Внезапно молодые люди заговорили о процессе Крюгера. С какой-то холодной, нагло доброжелательной фамильярностью. Иоганна словно ощутила удар. Гнусно было видеть свое дело разжеванным и расплеванным грязными устами этой мрази. Но она не подала вида. Своими спокойными, доверчивыми глазами присматривалась она к лицу этой самоуверенной извращенности. Как странно, что люди могли быть так молоды и так лишены всякой веры. На этом сухом, жестком цинизме не могло уже произрасти ничто, здесь ничто не могло пустить, корни – ни чувство, ни идея.
– Раз такой адвокат, как доктор Гейер, взялся вести дело, – неожиданно заявил Эрих Борнгаак, уставившись на крашеные, наманикюренные ногти своих тонкокожих рук, – заранее можно было быть уверенным, что ничего хорошего не получится. Знаете, – внезапно добавил он, впиваясь в Иоганну взглядом, – что доктор Гейер мой фактический отец.
Иоганна так растерянно уставилась в глаза юноши, что г-н фон Дельмайер беззастенчиво разразился своим плоским свистящим смехом.
– Доктор Гейер, – звучал дальше тонкий насмешливый голос Эриха, – давал кое-какие деньги на его, Эриха, воспитание. Он сам, впрочем, не верил в это отцовство, у него есть основания не верить.
Теперь она вдруг почувствовала, что с нее довольно. Она жаждала свежего воздуха. Ничто уже не способно было удержать ее, она рвалась прочь от этого нелепого «лунного ландшафта», рвалась поговорить с Жаком Тюверленом.

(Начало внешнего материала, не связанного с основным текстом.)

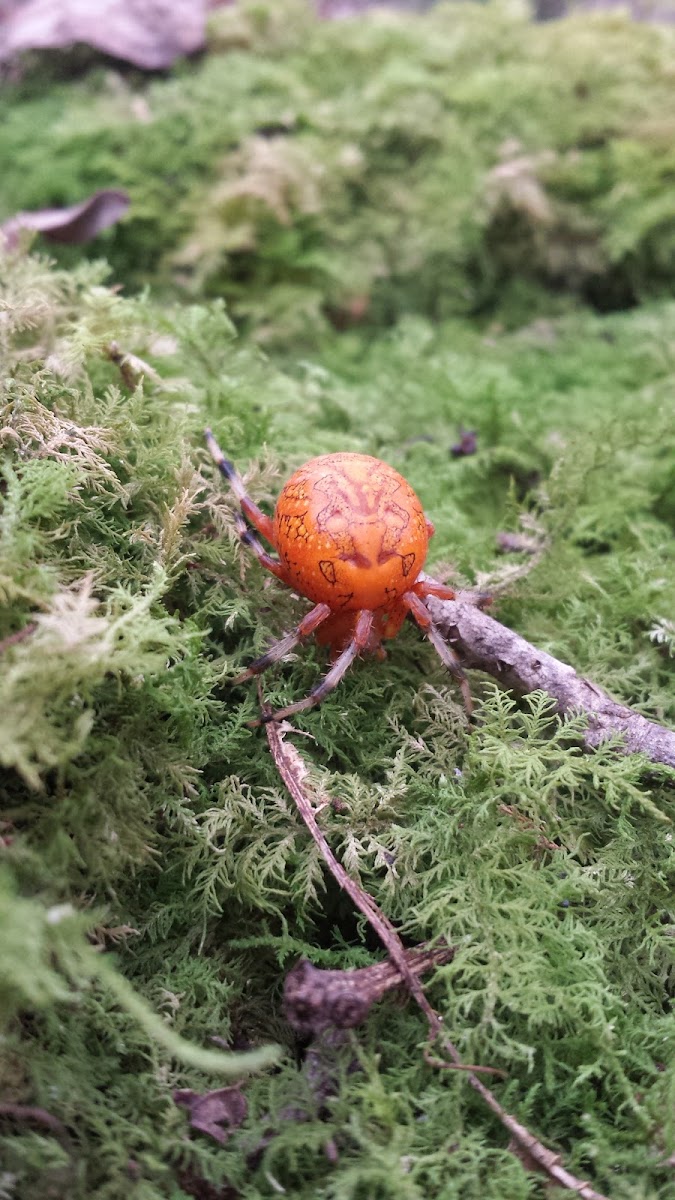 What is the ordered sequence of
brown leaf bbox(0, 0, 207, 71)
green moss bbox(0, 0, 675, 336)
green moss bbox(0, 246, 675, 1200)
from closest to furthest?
green moss bbox(0, 246, 675, 1200) → green moss bbox(0, 0, 675, 336) → brown leaf bbox(0, 0, 207, 71)

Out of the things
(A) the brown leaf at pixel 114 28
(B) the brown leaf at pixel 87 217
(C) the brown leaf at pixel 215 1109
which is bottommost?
(C) the brown leaf at pixel 215 1109

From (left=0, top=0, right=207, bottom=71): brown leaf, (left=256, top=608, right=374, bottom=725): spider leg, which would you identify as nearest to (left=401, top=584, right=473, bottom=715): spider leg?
(left=256, top=608, right=374, bottom=725): spider leg

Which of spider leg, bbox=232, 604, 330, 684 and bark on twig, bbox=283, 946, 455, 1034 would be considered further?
spider leg, bbox=232, 604, 330, 684

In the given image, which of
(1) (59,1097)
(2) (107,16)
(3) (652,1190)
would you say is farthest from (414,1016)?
(2) (107,16)

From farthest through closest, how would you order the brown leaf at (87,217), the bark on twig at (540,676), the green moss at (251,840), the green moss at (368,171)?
the green moss at (368,171), the brown leaf at (87,217), the bark on twig at (540,676), the green moss at (251,840)

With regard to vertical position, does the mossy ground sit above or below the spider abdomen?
below

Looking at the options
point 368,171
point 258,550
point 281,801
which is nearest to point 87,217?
point 368,171

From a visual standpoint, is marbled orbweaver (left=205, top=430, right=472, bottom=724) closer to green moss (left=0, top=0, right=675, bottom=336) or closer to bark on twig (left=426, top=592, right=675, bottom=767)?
bark on twig (left=426, top=592, right=675, bottom=767)

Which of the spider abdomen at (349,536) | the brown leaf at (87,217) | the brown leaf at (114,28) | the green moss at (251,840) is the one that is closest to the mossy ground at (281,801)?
the green moss at (251,840)

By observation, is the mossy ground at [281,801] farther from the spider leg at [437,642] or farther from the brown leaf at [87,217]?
the brown leaf at [87,217] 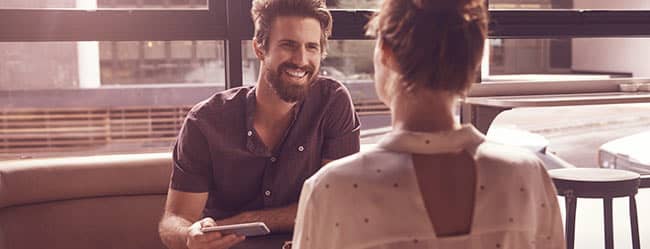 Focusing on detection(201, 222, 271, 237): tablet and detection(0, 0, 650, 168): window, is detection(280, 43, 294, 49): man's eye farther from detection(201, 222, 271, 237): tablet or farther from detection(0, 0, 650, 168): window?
detection(0, 0, 650, 168): window

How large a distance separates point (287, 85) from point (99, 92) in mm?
1486

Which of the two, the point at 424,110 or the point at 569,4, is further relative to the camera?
the point at 569,4

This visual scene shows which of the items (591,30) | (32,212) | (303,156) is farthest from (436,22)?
(591,30)

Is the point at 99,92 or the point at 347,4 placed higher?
the point at 347,4

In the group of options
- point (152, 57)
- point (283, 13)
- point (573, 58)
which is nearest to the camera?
point (283, 13)

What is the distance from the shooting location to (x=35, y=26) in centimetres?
277

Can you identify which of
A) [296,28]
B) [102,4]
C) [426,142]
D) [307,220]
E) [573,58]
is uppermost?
[102,4]

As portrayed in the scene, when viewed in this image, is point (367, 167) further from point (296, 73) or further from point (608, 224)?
point (608, 224)

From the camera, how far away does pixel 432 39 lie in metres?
0.89

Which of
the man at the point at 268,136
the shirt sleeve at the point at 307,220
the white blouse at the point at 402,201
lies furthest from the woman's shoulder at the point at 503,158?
the man at the point at 268,136

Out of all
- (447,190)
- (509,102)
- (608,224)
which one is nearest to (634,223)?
(608,224)

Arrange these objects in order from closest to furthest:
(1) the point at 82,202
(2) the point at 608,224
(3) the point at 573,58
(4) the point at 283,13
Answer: (4) the point at 283,13 → (1) the point at 82,202 → (2) the point at 608,224 → (3) the point at 573,58

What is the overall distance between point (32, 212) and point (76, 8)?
86cm

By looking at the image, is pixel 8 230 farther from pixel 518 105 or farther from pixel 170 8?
pixel 518 105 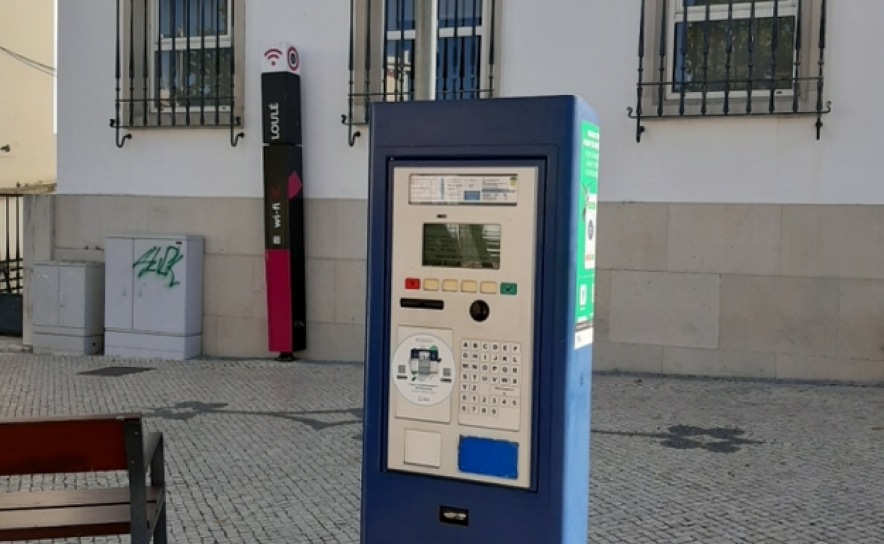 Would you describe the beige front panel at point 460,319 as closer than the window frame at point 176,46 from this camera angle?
Yes

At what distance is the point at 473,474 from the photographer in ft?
10.6

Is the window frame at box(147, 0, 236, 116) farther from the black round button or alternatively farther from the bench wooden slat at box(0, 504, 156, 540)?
the black round button

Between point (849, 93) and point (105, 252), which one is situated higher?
point (849, 93)

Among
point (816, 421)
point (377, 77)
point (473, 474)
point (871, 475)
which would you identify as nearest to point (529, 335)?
point (473, 474)

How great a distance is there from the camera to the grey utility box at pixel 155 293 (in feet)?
35.5

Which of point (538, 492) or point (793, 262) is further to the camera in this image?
point (793, 262)

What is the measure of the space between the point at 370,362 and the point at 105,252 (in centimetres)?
873

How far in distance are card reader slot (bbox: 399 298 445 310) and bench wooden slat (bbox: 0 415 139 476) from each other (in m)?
1.09

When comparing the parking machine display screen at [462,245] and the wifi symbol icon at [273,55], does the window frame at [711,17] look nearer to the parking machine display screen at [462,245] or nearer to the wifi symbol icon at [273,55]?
the wifi symbol icon at [273,55]

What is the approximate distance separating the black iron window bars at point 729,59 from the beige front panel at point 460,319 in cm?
648

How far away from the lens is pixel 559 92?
974cm

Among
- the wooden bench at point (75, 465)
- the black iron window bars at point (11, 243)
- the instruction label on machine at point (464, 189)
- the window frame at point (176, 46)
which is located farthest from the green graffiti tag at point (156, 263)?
the instruction label on machine at point (464, 189)

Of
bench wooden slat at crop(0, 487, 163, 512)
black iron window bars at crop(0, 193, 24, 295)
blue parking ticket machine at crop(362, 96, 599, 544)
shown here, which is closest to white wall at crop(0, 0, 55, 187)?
black iron window bars at crop(0, 193, 24, 295)

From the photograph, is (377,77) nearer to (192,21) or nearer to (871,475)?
(192,21) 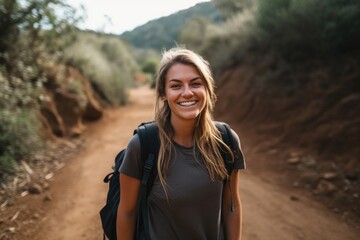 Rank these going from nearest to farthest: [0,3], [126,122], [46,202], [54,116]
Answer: [46,202]
[0,3]
[54,116]
[126,122]

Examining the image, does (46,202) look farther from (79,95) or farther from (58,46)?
(58,46)

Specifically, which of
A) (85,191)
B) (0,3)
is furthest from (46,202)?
(0,3)

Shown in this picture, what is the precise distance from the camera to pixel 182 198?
1960mm

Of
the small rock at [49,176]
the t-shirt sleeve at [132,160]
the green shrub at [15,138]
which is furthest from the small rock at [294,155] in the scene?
the green shrub at [15,138]

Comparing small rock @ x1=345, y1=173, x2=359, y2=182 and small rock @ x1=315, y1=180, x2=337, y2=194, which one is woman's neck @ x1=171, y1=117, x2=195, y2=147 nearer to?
small rock @ x1=315, y1=180, x2=337, y2=194

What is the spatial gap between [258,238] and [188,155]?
6.95ft

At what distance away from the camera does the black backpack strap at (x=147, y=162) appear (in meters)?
1.97

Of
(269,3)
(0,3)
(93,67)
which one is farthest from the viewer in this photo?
(93,67)

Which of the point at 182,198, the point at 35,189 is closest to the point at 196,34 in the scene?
the point at 35,189

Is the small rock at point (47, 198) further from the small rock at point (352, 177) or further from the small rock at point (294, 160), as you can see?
the small rock at point (352, 177)

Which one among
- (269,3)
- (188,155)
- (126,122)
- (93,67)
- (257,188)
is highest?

Тюверлен между тем попал в плен к г-ну Пфаундлеру, и тот, охваченный действенной энергией великого организатора, настойчиво пытался привить Тюверлену свою идею обозрения, вытравить из него все радикальное, политическое. Неплохо было бы поставить и наивно-роскошный фильм о страстях господних с хитрым расчетом на Америку. Но сейчас ему засело в голову мюнхенское обозрение. Он ясно видел его своим мысленным взором. Этот «Касперль в классовой борьбе» – разумеется, нелепая фантазия. А вот «Выше некуда!» – это было нечто добродушно-мюнхенское, здесь слышался плеск зеленого Изара, ощущался вкус пива и ливерных сосисок. На этой основе можно было построить облагороженное обозрение. Кроме того, если основной мотив «Выше некуда!» применить в отношении женских костюмов, создавалась возможность вплести и затаенный оттенок благодушной эротики. «Строить, пиво варить, свинячить» – это исконно мюнхенское изречение должно было придать всему обозрению свой специфический привкус. Г-н Пфаундлер отеческим тоном убеждал писателя Тюверлена. Тюверлен не любил рядиться в маскарадный костюм. Его помятое, лукавое лицо с прищуренными глазами выделялось над корректным крахмальным воротничком и корректным смокингом. Г-н Пфаундлер, напротив, имел довольно необычный вид. Жирная грудь его была обвита цепью распорядителя. Бумажная корона украшала хитрый шишковатый череп. Крохотные, глубоко сидящие мышиные глазки блестели: он выпил сегодня свежего, сверкающего мартовского пива, хотя обычно предпочитал вино. Инсарова, покорная и греховная в порочной роскоши своего узкого, обтекавшего ее тело закрытого платья, сидела рядом с ним, странно съежившись, словно озябшая.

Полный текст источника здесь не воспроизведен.